I suspected he'd go full suspension on me, hence why the Orange 5 was my choice. Not ridden this for probably a year. It was sulking. Flat rear tyre, duff brakes. 60ml of Stans fluid did the tyre, duff brakes had to wait.


The ride.

No plan, just ride. Naturally he turned up on an hardtail. Sorry? Look at it! £4k of XTR equipped carbon this, carbon that, full on Chris King. 22lb? Stunning bike. Bear in mind he is now a roadie and regularly does 130 mile spins, 5,000 miles a year, whilst I am a bimbler and lug a 40lb fat bike on 20 mile café visits once a month. There was bound to be a contrast in styles.

It indeed prove to be the case. At every opportunity he sped off with instant acceleration. No excuse on my part; outclassed massively. My thighs hurt, my arms burnt. It wasn't so much the pace as the fact I've been using Jones handlebars and plodding a heavy mass around. Just not used to actually, you know, riding. At least he was a gent and pretended that I wasn't holding him up, which I was. Even on the descents though. That was bad. My feeble excuse? I don't have one; he's just way better than me now, entirely different class. Outstanding even. Going to have to up my game.


The bike.

It was fine. Felt funny after the fatty, especially flat handlebars.
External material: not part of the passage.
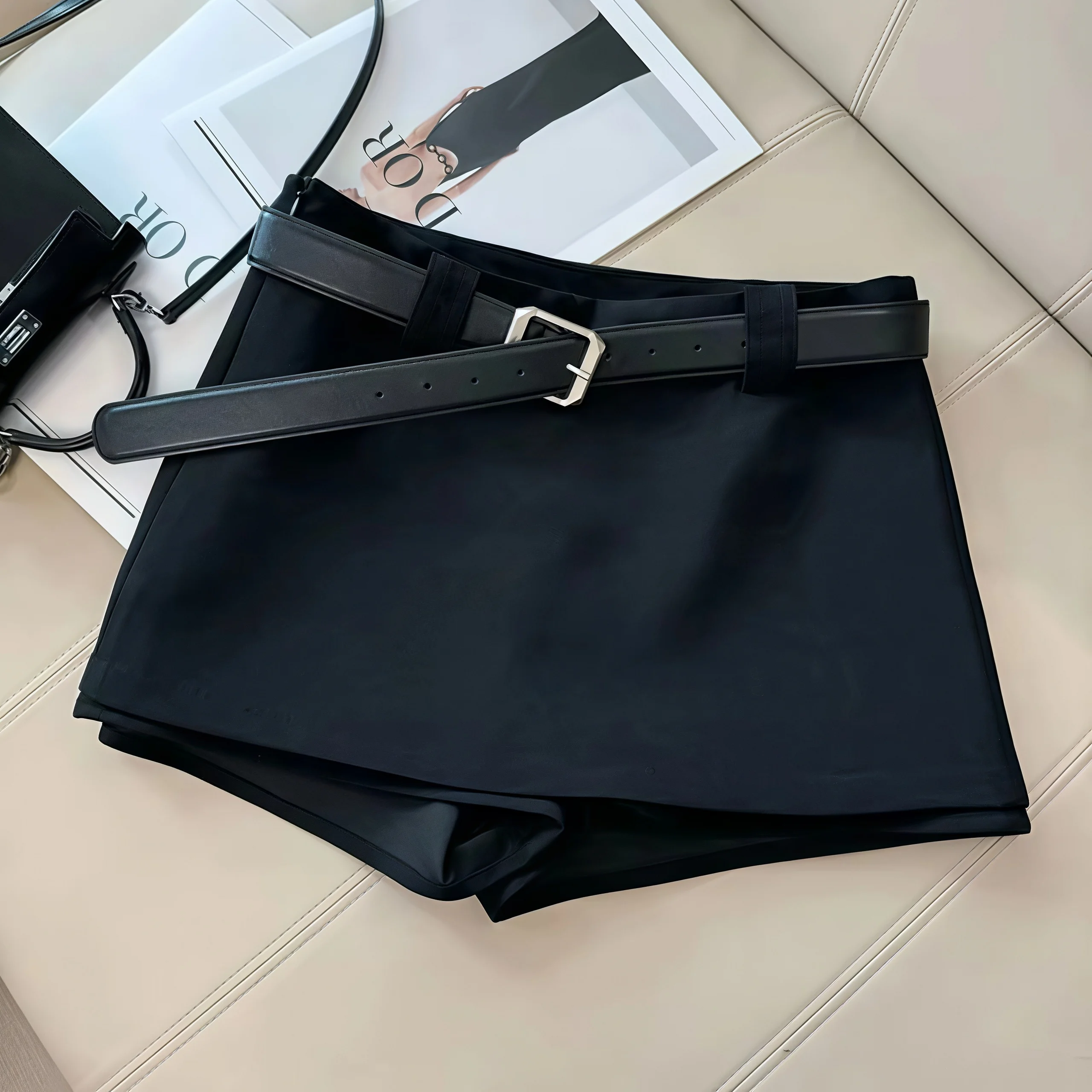 Weißer Skort für Damen mit schwarzem Gürtel, hohe Taille, A-Linie, Anzugstoff, Mini-Rock, Shorts, Y2K, lässig, Büro, Streetwear – Detail 4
They were weird. After a few miles all was fine, although narrow tyres aren't my thing now. I do realise that 5" tyres are silly though. 2.4" probably best.

Luckily the tyres stopped up, and the brakes kind of worked. Not as strong as I'd like so at home figured I'd change the pads. If I mention the word "Avid" you may well understand the two hour faff that followed. I'll put new pads in the front, and replace the rears with the used front ones. Took them out, went to push the pistons back in....

....two hours later I'd not got the pads in as the pistons retracted precisely 0.5mm too little for the rotor to fit. Arse. Swopped the front brake out completely for an old Magura unit, which was fine but very weak. Figured I'd just buy some Shimano ones instead during the week. Then I remembered I've been unemployed for 7 months and have no money. Arse.

Back to the now dumped Avid. Poverty being a strong motivator I figured that if I let some fluid out, they may well work. That's not something you hear people do lightly, not with Avid Elixirs. Naturally it only worked first time, which was good in one way, bad in another. My bike now had a Magura brake fully fitted....


Today.

It was fun not lugging 40lb around. Slightly quicker on the ups, not at all on the flat, and no way on the down bits. My average pace was 8.8mph - oddly similar to my normal pace on the fatty. Go figure. I realise, however, that my pace these days is too slow. I'm a bumbler all of a sudden. How did that happen?

Either way going out with AD was an eye opener. I suspect I'm in a rut with cycling, possibly too attached to the fatty and the notion of seeking out normally unrideable routes. Why not just take a normal bike out, i.e. one I already own, now and then, and just go for a ride instead of proving a point to myself all the time? It may well just be fun.

Cheers AD. Enjoyed today. About time somebody pointed out I'm an arse.